Makna Had Zina dalam As-Sunnah

Pendahuluan
     Kajian tentang pengetahuan had zina pada dasarnya membicarakan hal-hal yang menunjukan dalil-dalil yang jelas sehingga dapat ditentukan hukuman bagi orang yang melakukan zina. Dalil-dalil tersebut diambil dari dua sumber yang mana telah menjadi landasan bagi umat islam seluruhnya yaitu Qur’an dan Sunnah.

Pengertian zina
     Zina memiliki satu arti dalam segi etimologi dan terminologi yaitu adalah hubungan badan yang dilakukan antara lak-laki dan perempuan tanpa melalui pernikahan yang sah, baik melalui alat kelamin maupun dubur.

Pembahasan
(أ‌)    عن أبي هريرة, و زيد بن خالد, أنّهما قالا: إن رجلاً من الأعراب أتى رسول الله صلى الله عليه و اله و سلم, فقال : يا رسول الله, أنشدك الله إلاّ قضيت لى بكتاب الله, و ائذن لى. فقال رسول الله صلى الله و اله و سلم (( قل )) قال : إن ابنى كان عسيفا على هذا, فزنى بامرأته, وإنّى أخبرت أن على ابنى الرجم, و افتدَيْتُ منه بمائة شاة و وليدة, فسألت أهل العلم, فأخبرنى أن على ابنى جلد مائة و تغريب عام, و أنّ على امرأة هذا الرجم. فقال الرسول الله صلى الله عليه و اله و سلم (( و الذى نفسى بيده لأقضينّ بينكما بكتاب الله : الوليدة و الغنم ردٌّ, و على ابنك جلد مائة و تغريب عام, و اغد يا أنيس - لرجل مِن أسلم - إلى امرأة هذا, فإن اعترفت فارجُمها )) قال: فغدا عليها, فاعترفت, فأمر بها رسول الله صلى الله عليه و اله و سلم فرُجمت. –متفق عليه-
Artinya : Dari Abu Hurairah dan Zaid bin Khalid r.a : sesungguhnya seorang lelaki arab badwi datang menghadap Rasulullah SAW. Seraya berkata, “Ya Rasulullah, aku bermohon kepada engkau dengan nama Allah, agar engkau memutuskan hukum terhadapku berdasarkan ketetapan Allah.
Seorang lawannya yang lebih lancar bicaranya, berkata: Benar, putuskanlah perkara di antara kami dengan ketetapan Allah, dan izinkanlah saya berbicara. Maka Rasulullah berkata: Bicaralah,dia berkata: sesungguhnya anakku bekerja sebagai orang upahan pada orang ini. Dia berzina dengan istri orang ini, dan mengabarkan bahwa anakku harus dirajam, namun aku tebus hukuman itu dengan seratus ekor bir-biridan membebaskan seorang budak. Saya menanyakan kepada orang alim, dan mereka mengatakan bahwa hukuman terhadap anakku adalah 100 kali cambukan, dan mengusirnya dari kampung selama satu tahun, dan terhadap istri orang ini, hukuman rajam, Rasullullah bersabda: Demi Allah, yang diriku di tanganNya, aku akan memutuskan perkara ini dengan ketetapan Allah. Budak dan kambing dikembalikan kepadamu, dan anakmu dicambuk 100 kali dan diusir dari kampung selama satu tahun. Pergilah hai Unais (seorang lelaki dari bani Aslam) kepada istri orang ini. Jika dia mengaku, rajamlah dia. Unais menjumpai perempuan itu, dan dia mengaku. Rasulullah memerintahkan agar perempuan itu dirajam, dan dilaksakanlah perintah itu”. ( H.R Muttafaqun Alaih ).
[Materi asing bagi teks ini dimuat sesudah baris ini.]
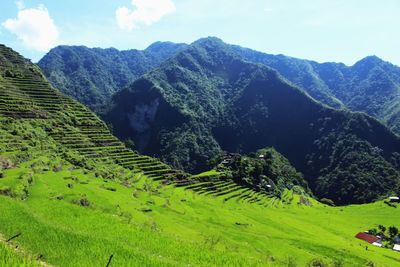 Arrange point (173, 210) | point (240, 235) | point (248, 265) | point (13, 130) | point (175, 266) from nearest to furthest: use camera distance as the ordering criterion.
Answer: point (175, 266) < point (248, 265) < point (240, 235) < point (173, 210) < point (13, 130)

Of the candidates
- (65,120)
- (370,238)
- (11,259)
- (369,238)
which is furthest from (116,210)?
(370,238)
    و عن عُبّادةَ ابن الصامت قال: قال رسول الله صلى الله عليه و سلم          (( خذوا عنى, خذوا عنى, قد جعل الله لهنّ سبيلا. البكر بالبكر جلد مائة و نفى سنة. و الثيب بالثيب جلد مائة و الرجْمُ)). -رواه الجماعة -                                       
Artinya : “Rasulullah SAW bersabda: ambillah dariku, ambillah dariku, sesungguhnya Allah telah membuka jalan bagi perempuan perempuan itu. Perawan dengan perawan, dicambuk 100 kali dan diusir dari kampung selama satu tahun. Dan mereka yang sudah menikah dengan yang sudah menikah, dicambuk 100 kali dan dirajam”. ( H.R Al-Jama’ah ).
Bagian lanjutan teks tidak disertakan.